Selon l’amendement adopté, le moratoire sur l’éolien et le solaire se prolongerait jusqu’à « la réalisation d’une étude objective et indépendante visant à déterminer le mix énergétique optimal, sur les plans économique et environnemental ». « Il est complètement anachronique de dire que l’on manque d’études sur le système électrique,réagit Nicolas Goldberg, associé chez Colombus Consulting et responsable énergie au sein du cercle de réflexion Terra Nova. Et si c’était le cas, pourquoi un moratoire sur les renouvelables et pas sur le nucléaire ? »

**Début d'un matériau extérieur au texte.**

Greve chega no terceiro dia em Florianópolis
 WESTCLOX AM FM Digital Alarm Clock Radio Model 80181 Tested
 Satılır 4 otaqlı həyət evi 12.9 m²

En 2021, le gestionnaire national du Réseau de transport d’électricité (RTE) a détaillé, à l’issue de vastes concertations, six scénarios permettant d’atteindre la neutralité carbone, qui tous exigeaient un déploiement important de l’éolien et du solaire, et des bilans prévisionnels sont depuis mis à jour chaque année. « Ce moratoire signifie abandonner l’électrification des usages et la sortie des fossiles, ajoute Bastien Cuq. Même si l’on mise tout sur le nucléaire, les nouveaux réacteurs n’arriveront pas, au mieux, avant 2038. »

Transformation d’EDF

Si l’avenir du moratoire dépendra de la suite du processus, ce vote est d’ores et déjà un mauvais signal supplémentaire pour les acteurs des renouvelables. Ils avaient exprimé, ces dernières semaines, leurs inquiétudes quant à la tournure des discussions sur l’énergie. « Avec ce moratoire, le Parlement vient de voter le plus grand plan social de l’histoire de l’Assemblée », dénonce Mattias Vandenbulcke, délégué général adjoint de France renouvelables. Les secteurs de l’éolien et du solaire représentent des dizaines de milliers d’emplois directs et indirects.

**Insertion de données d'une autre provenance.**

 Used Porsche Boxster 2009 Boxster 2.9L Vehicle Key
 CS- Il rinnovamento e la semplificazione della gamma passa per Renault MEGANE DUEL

Outre ce moratoire sur les renouvelables, le RN a obtenu que soit votée une relance du nucléaire certes moins ambitieuse que celle qu’il prônait, mais plus que celle défendue par l’exécutif. La proposition de loi inscrit le maintien de 63 gigawatts de capacités installées (l’équivalent des capacités du parc actuel) au-delà de 2050. Elle acte le lancement de la construction de 10 gigawatts (GW) de nouvelles capacités dès 2026 mais aussi de 13 gigawatts supplémentaires d’ici 2030, et prévoit de « maximiser la production nucléaire ». En vain, certains à gauche ont dénoncé les différents « risques » liés au nouveau nucléaire, en soulignant notamment qu’EDF n’avait toujours pas présenté de devis pour trois premières paires d’EPR.

Parmi les autres victoires du RN et surprises des débats, un amendement visant à procéder au redémarrage de la centrale nucléaire de Fessenheim (Haut-Rhin), fermée en 2020 et en voie de démantèlement, a été voté. Symbolique, cette disposition est surtout irréaliste, selon l’Autorité de sûreté nucléaire et de radioprotection.

« Redémarrer Fessenheim n’est pas envisageable, explique Pierre Bois, son directeur général adjoint. Il est désormais patent que les réacteurs du site de la centrale ne répondent plus aux standards de sûreté applicables aujourd’hui »,puisqu’ils n’ont pas réalisé leur quatrième réexamen périodique. « Beaucoup d’opérations déjà irréversibles ont été réalisées, pour lesquelles il n’existe pas, à ce jour, de solution technique qui permette de revenir en arrière », ajoute M. Bois.

Parmi les autres mesures, figurent désormais dans cette proposition de loi la transformation d’EDF de société anonyme en établissement public industriel et commercial, le monopole d’EDF en matière de construction et d’exploitation de centrales nucléaires, la sortie des règles de fixation du prix de l’énergie du marché européen ou encore le rétablissement de tarifs réglementés de gaz.